- **Exercise description**: Restate the data that follows exactly as it stands, beginning with the first line and ending with the line that contains "Thumbnail: 2025 Nissan Altima - 3".

- **Dataset content**:

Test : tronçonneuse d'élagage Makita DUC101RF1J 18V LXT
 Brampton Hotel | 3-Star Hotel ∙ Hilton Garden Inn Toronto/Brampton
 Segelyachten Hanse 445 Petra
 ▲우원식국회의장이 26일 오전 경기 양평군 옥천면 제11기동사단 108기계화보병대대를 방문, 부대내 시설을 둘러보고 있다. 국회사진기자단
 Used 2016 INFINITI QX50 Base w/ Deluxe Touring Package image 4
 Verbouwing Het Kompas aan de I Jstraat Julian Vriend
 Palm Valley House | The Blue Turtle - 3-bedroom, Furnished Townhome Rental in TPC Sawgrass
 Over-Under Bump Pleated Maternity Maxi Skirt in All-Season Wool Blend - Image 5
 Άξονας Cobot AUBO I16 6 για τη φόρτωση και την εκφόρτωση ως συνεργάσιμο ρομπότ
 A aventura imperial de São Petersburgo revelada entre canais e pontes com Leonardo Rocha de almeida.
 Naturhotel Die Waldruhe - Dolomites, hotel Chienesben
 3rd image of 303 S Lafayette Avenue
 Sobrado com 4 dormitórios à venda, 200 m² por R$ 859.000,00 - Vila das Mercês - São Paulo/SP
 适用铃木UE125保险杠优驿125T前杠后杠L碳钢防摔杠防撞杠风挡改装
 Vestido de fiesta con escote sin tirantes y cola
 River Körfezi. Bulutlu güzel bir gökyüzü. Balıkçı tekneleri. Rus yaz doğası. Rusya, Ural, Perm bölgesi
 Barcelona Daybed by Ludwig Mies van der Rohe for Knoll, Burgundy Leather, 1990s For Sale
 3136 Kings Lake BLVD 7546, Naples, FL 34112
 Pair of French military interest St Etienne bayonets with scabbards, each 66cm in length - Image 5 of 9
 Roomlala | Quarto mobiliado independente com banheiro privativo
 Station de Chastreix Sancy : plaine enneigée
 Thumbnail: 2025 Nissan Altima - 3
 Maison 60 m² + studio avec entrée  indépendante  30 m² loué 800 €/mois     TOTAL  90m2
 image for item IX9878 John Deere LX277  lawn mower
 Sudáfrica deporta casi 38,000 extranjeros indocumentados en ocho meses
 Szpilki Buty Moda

- **Result below**:
Test : tronçonneuse d'élagage Makita DUC101RF1J 18V LXT
 Brampton Hotel | 3-Star Hotel ∙ Hilton Garden Inn Toronto/Brampton
 Segelyachten Hanse 445 Petra
 ▲우원식국회의장이 26일 오전 경기 양평군 옥천면 제11기동사단 108기계화보병대대를 방문, 부대내 시설을 둘러보고 있다. 국회사진기자단
 Used 2016 INFINITI QX50 Base w/ Deluxe Touring Package image 4
 Verbouwing Het Kompas aan de I Jstraat Julian Vriend
 Palm Valley House | The Blue Turtle - 3-bedroom, Furnished Townhome Rental in TPC Sawgrass
 Over-Under Bump Pleated Maternity Maxi Skirt in All-Season Wool Blend - Image 5
 Άξονας Cobot AUBO I16 6 για τη φόρτωση και την εκφόρτωση ως συνεργάσιμο ρομπότ
 A aventura imperial de São Petersburgo revelada entre canais e pontes com Leonardo Rocha de almeida.
 Naturhotel Die Waldruhe - Dolomites, hotel Chienesben
 3rd image of 303 S Lafayette Avenue
 Sobrado com 4 dormitórios à venda, 200 m² por R$ 859.000,00 - Vila das Mercês - São Paulo/SP
 适用铃木UE125保险杠优驿125T前杠后杠L碳钢防摔杠防撞杠风挡改装
 Vestido de fiesta con escote sin tirantes y cola
 River Körfezi. Bulutlu güzel bir gökyüzü. Balıkçı tekneleri. Rus yaz doğası. Rusya, Ural, Perm bölgesi
 Barcelona Daybed by Ludwig Mies van der Rohe for Knoll, Burgundy Leather, 1990s For Sale
 3136 Kings Lake BLVD 7546, Naples, FL 34112
 Pair of French military interest St Etienne bayonets with scabbards, each 66cm in length - Image 5 of 9
 Roomlala | Quarto mobiliado independente com banheiro privativo
 Station de Chastreix Sancy : plaine enneigée
 Thumbnail: 2025 Nissan Altima - 3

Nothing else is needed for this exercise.